Four areas in the Lower 48 were identified:

- The Las Vegas Bombing and Gunnery Range, which included the Nevada Test Site
- Northwest Nevada
- Central Nevada
- Southeastern Utah
- McCone County, Montana
- Southwest Texas

The Texas site was the first to be eliminated, based on its proximity to Mexico, and the other five were included in the next phase of study.

In Alaska, fourteen areas were initially considered, then narrowed to four:

- The northern foothills of the Brooks Range
- The upper Holitna River, lower Kuskokwim River and Koyukuk River areas
- Chirikof Island
- The Aleutian Islands

A number of large American possessions in the Pacific Ocean were considered:

- The Caroline Islands
- The Mariana Islands
- American Samoa
- The Hawaiian Islands

as well as Japanese possessions:

- The Bonin Islands
- The Volcano Islands
- The Daito Islands

Only Pagan in the Mariana Islands was considered in the second phase.

Foreign locations were briefly considered as well, with locations in Ontario and Alberta in Canada, Baja California, the Cayman Islands, the Turks and Caicos Islands, other foreign Pacific islands, Australia, and Kerguelen Island. All of these were rejected, leaving ten possible sites.

By 1963, the list was narrowed to the Nevada Test Site and central Nevada within the coterminous United States.

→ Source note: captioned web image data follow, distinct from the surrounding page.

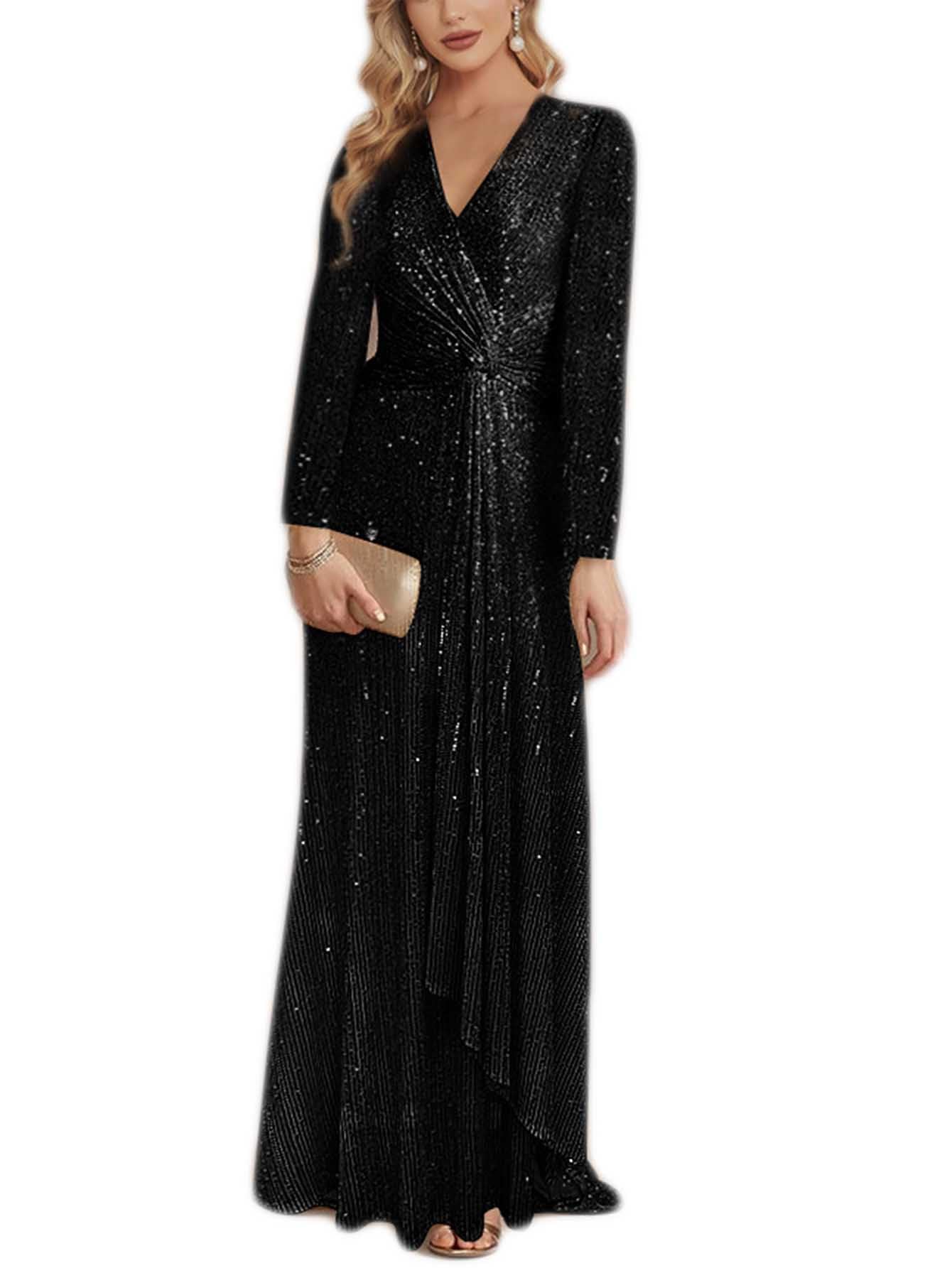 Elegant Long Sleeve Sequin Evening Gown for Women - Sparkly V-Neck Formal Maxi Dress for Prom, Wedding & Special Occasions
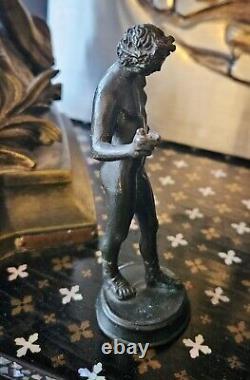 Statue / Bronze ancien / Homme à l'antique / Pompei / Souvenir du Grand Tour
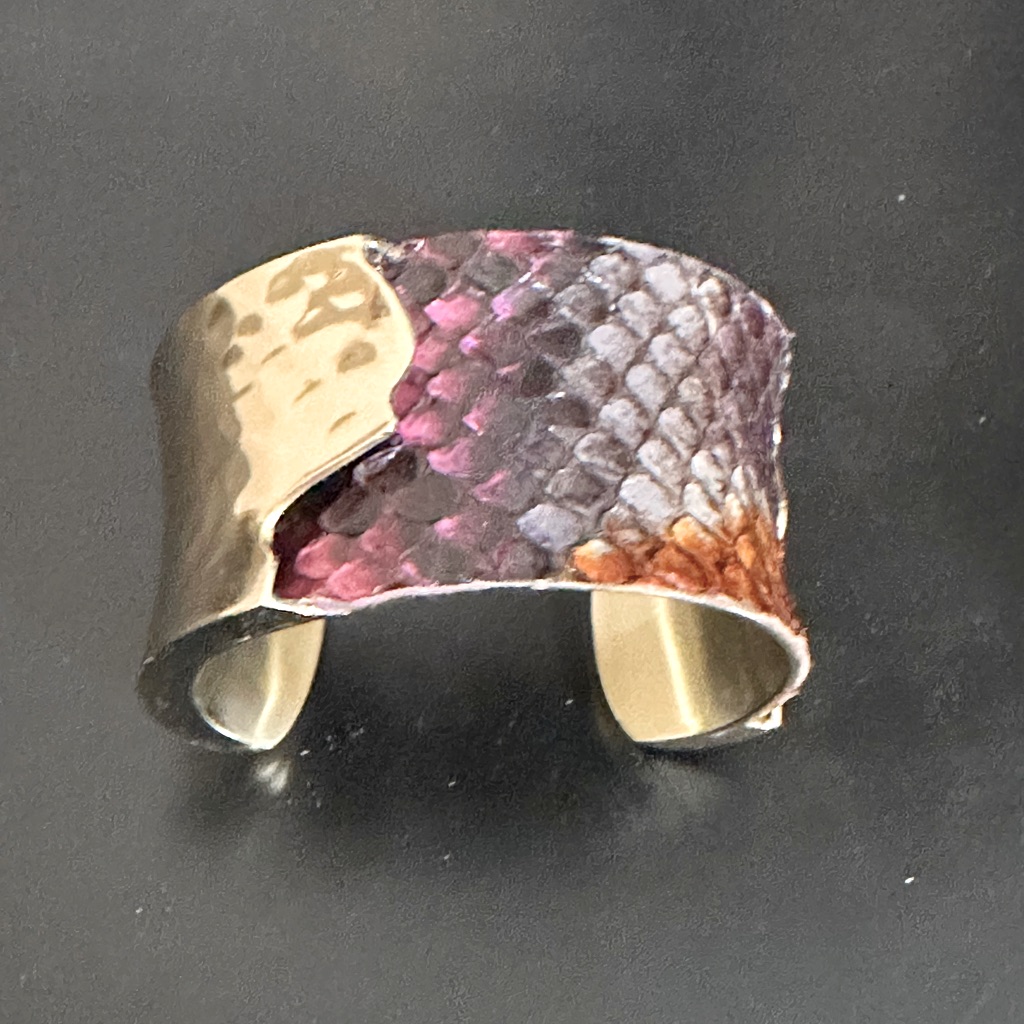 Rustic Cuff Orange And Pink Python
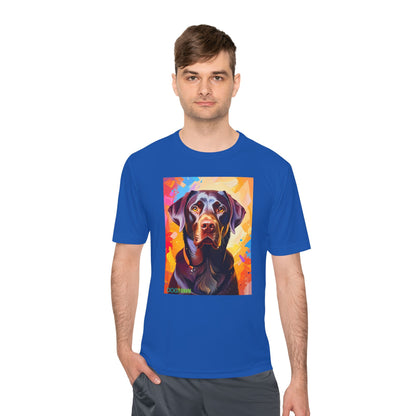 Pup Art Canvas Unisex Moisture Wicking Tee (Chocolate Lab)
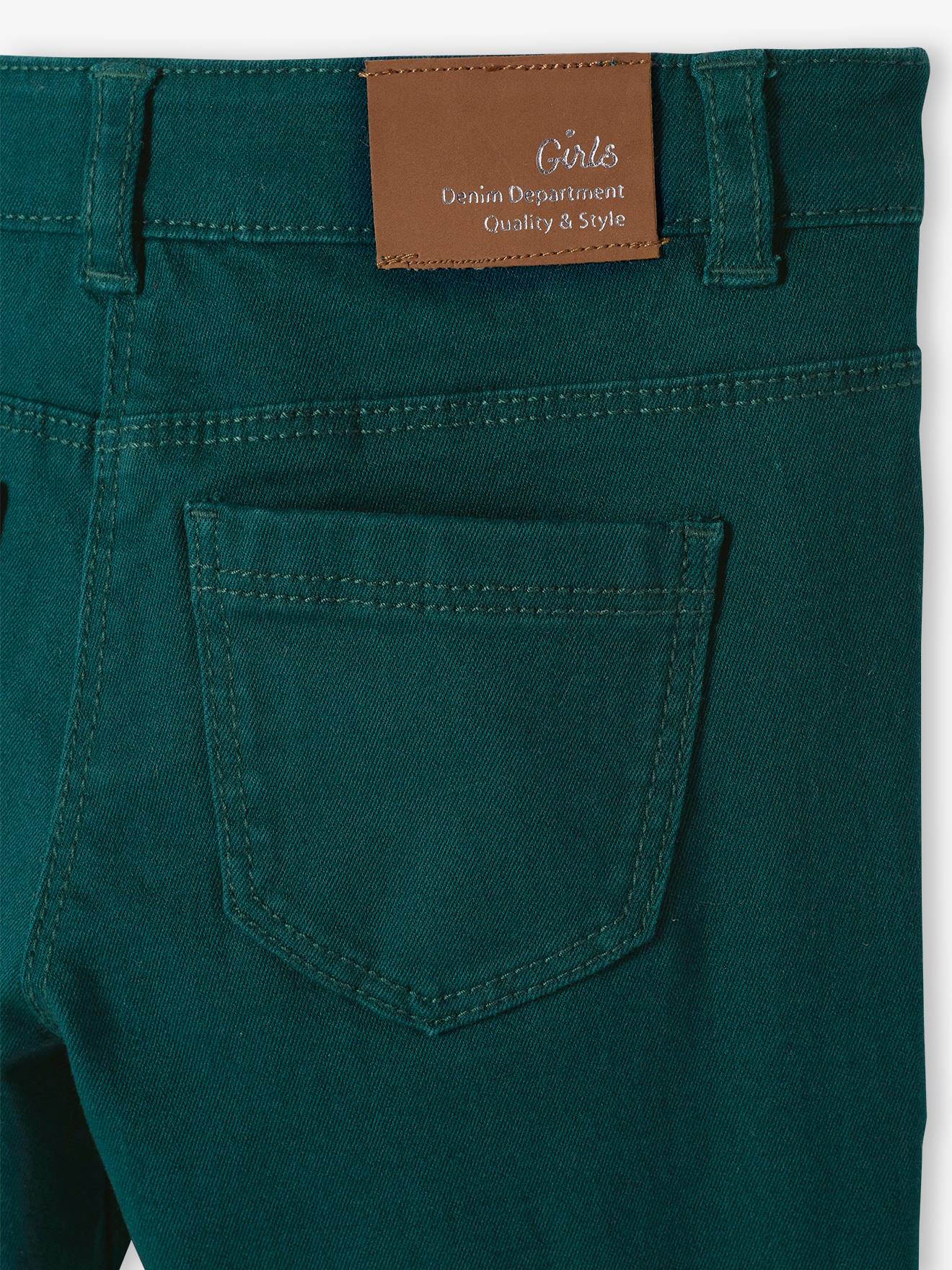 Calças Morphologik slim fit para meninas, quadris largos, modelo STONG, cor marrom claro lisa.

In order of preference followed Chirikof Island, the Brooks Range, the western Aleutians, the Holitna area, and Pagan. Final selection focused on Alaska. The Aleutians and Brooks Range received final scrutiny on the basis of their scant population and limited exposure to other considerations.

Further study identified Amchitka as the only site where a test of 10 megaton or greater yield could be safely conducted. The Brooks Range site was considered suitable for tests of 2 to 10 megatons. Chirikof Island was considered suitable for tests up to 2 megatons.

==Project Larkspur==
Following the identification of the Brooks Range and Aleutians as final candidates, Chirikof Island was again considered. The final site selection program was called Project Larkspur. The general Aleutian location was refined to Amchitka Island, which had been proposed for nuclear testing in the 1950s under Operation Windstorm, and which was being investigated for an underground test intended to develop seismic identification methodologies, providing a cover for other investigations. Amchitka was therefore chosen as the preferred Larkspur location. The Vela Uniform test became Project Long Shot. As final selection was made, the Partial Nuclear Test Ban Treaty was signed on August 5, 1963, banning atmospheric, underwater, and space-based testing, or testing outside the national boundaries of the state performing the test.

The Amchitka site became the test location for three underground nuclear detonations: Long Shot, Milrow and Cannikin.